Disappointing jobs report raises questions over Fed forward guidance
The US unemployment rate dropped from 7% to 6.7% in December as more people dropped out of the labour force but just 74,000 new jobs were added, according to the US Bureau of Labor Statistics – raising questions about the applicability of the Federal Reserve's 6.5% unemployment rate "threshold" as a token of robust economic recovery.
While the Fed has recently downplayed the importance of its 6.5% threshold by emphasising that reaching it will not necessarily trigger a tightening of monetary conditions, today's data is likely to stir debate about the design of the bank's forward guidance strategy, aimed at convincing markets of the bank's resolve in getting the economy back on track.
The seemingly contradictory data – a disappointingly small number of new jobs, but a relatively sharp drop in the unemployment rate – indicate a large number of people exiting the labour market, raising further questions over the suitability of the unemployment rate as a guide for monetary policy.
The resulting confusion will increase market uncertainty over the pace of the Fed's reductions in monthly asset purchases.

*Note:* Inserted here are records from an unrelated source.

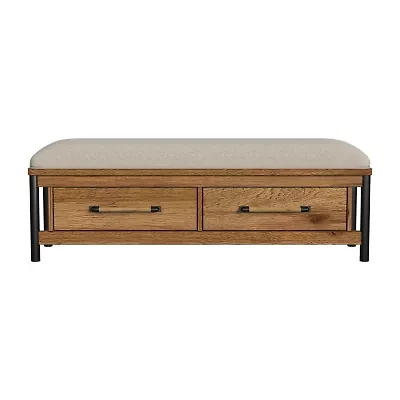 Norcross Storage Bench with Drawers in Hickory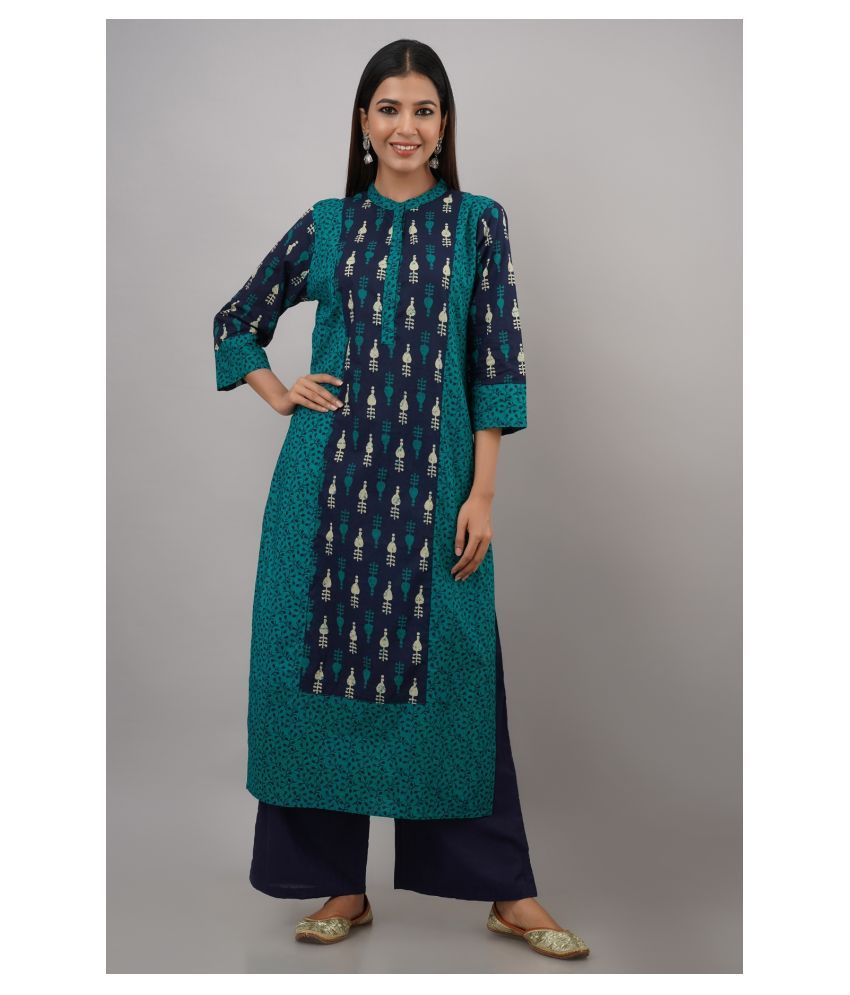     			SVARCHI Cotton Kurti With Palazzo - Stitched Suit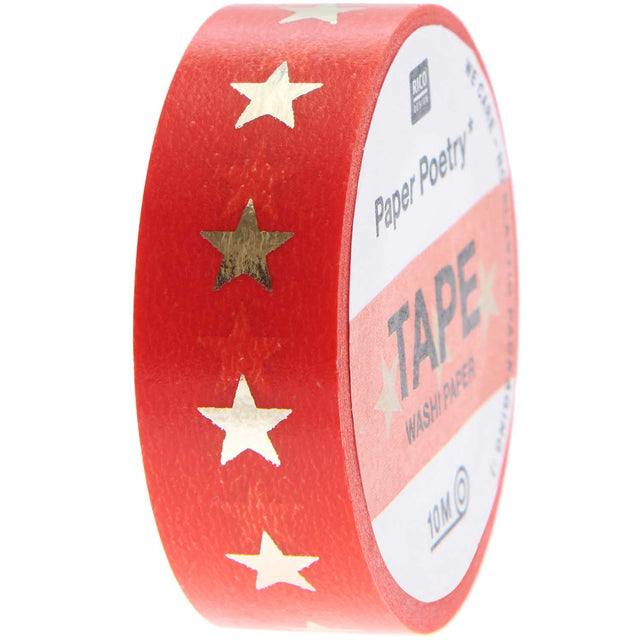 Red & Gold Star Washi Tape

The central bank began its ‘taper' by cutting purchases by $10 billion to $75 billion last month, citing improved labour market conditions.

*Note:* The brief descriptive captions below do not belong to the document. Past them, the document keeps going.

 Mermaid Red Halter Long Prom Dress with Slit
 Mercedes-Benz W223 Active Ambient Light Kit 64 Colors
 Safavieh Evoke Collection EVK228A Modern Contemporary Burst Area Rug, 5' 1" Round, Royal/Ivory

At his press conference following that decision, outgoing Fed chairman Ben Bernanke intimated that the Fed was likely to continue reducing purchases at the rate of $10 billion each meeting – but today's jobs report has now sown doubt in analysts' minds.
Alan Ruskin, global head of G-10 FX strategy at Deutsche Bank called the report "one of the most confusing employment reports in quite a while", describing it as "very weak". He added the drop in unemployment had "again been achieved in the main by a slide in the participation rate".

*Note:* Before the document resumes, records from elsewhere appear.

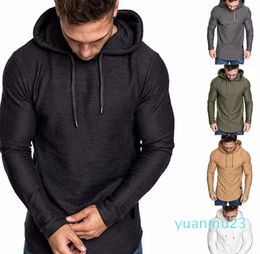 Men's Jogger Sweatshirt Fitness Yoga Outfits Sportswear Shirt Blouse Hoodie Stretch Hooded Solid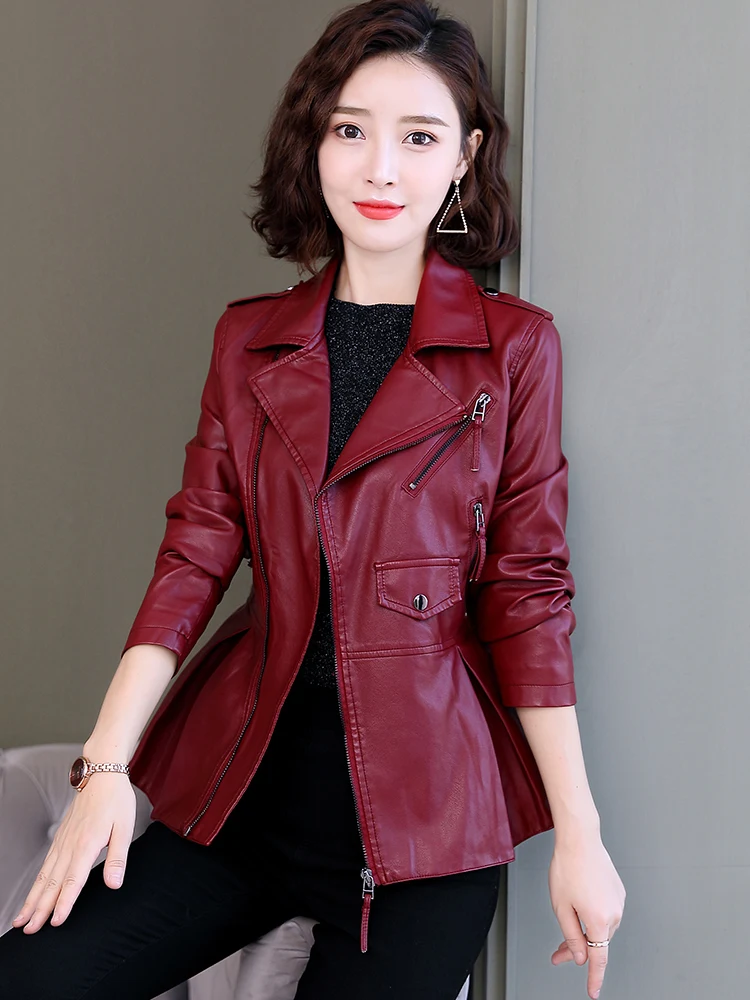 Kulit Wanita Pu Faux Wanita Jaket Korea Hitam Mantel Musim Semi Musim Gugur Slim 2020 Casacos Feminino Pph597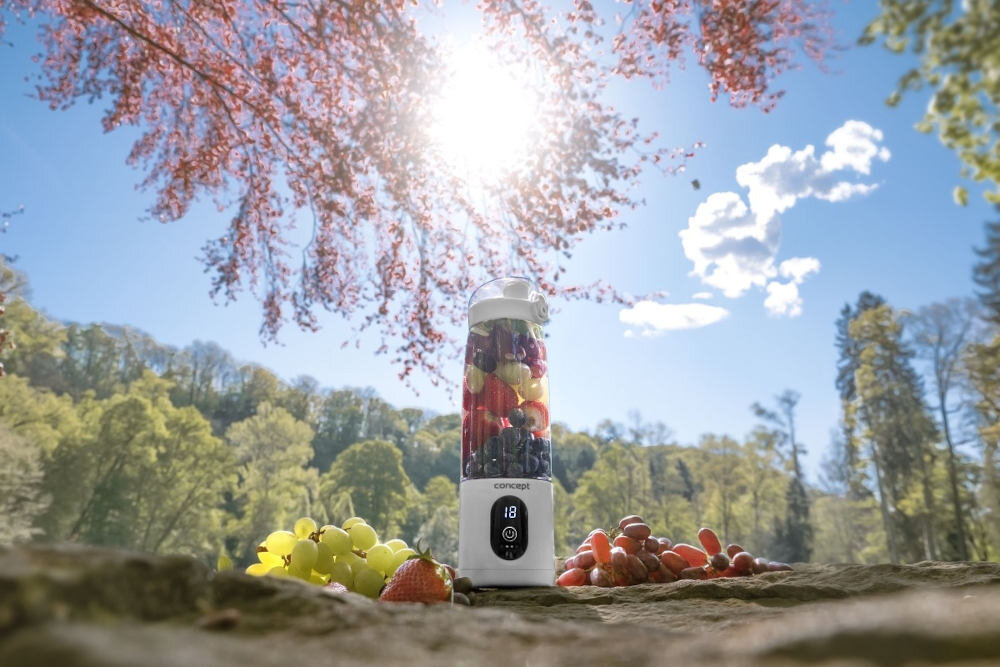 Blender personalny CONCEPT Smoothie FitMaker SM4000 Bezprzewodowy Biały 17 000 obrotów na minutę baterie pojemność Sześć ostrych noży styl wygoda użytkowanie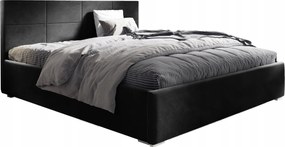 Čalúnená posteľ 180x200 s úložným priestorom na posteľnú bielizeň matrac Matia čierna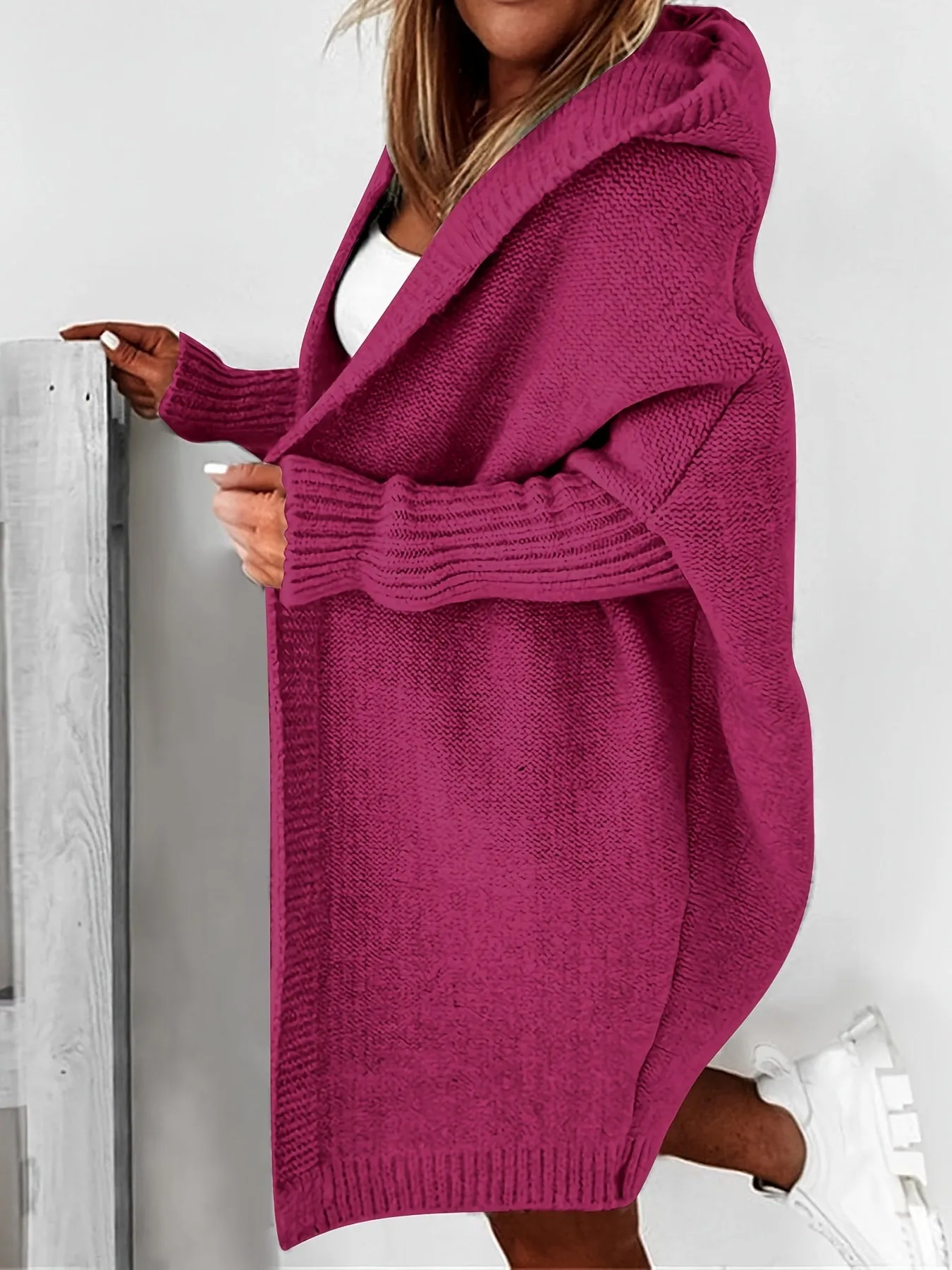 Cardigan Lavorato A Maglia Con Cappuccio Oversize, Maglione Casual A Maniche Lunghe Per L'inverno E L'autunno, Abbigliamento Fem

Jan Hatzius, chief economist at Goldman Sachs, said it revealed the unemployment rate as a "relatively poor" indicator of labour market conditions, while David Ader, head of government bond strategy at CRT Capital, said that QE tapering was now "a bit up in the air", adding "they won't accelerate, of course".
Another key factor is the changing composition of the Federal Open Market Committee (FOMC) this year. One new member, Federal Reserve Bank of Minneapolis president Narayana Kocherlakota, said yesterday that he felt the FOMC "could do better with respect to both of its congressionally mandated objectives" – achieving 2% inflation and full employment – "by adopting a more accommodative monetary policy stance".
The Bureau of Labor Statistics figures show that employment rose in retail trade and wholesale trade, but fell in information. The number of unemployed persons overall declined by 490,000 to 10.4 million. The number of long-term unemployed (those jobless for 27 weeks or more), at 3.9 million – 37.7% of the unemployed – showed "little change", according to the report.
Labour force participation declined by 0.2 percentage points to 62.8%, while the employment-population ratio remained unchanged at 58.6%. The labour force participation rate declined by 0.8 percentage points in 2013.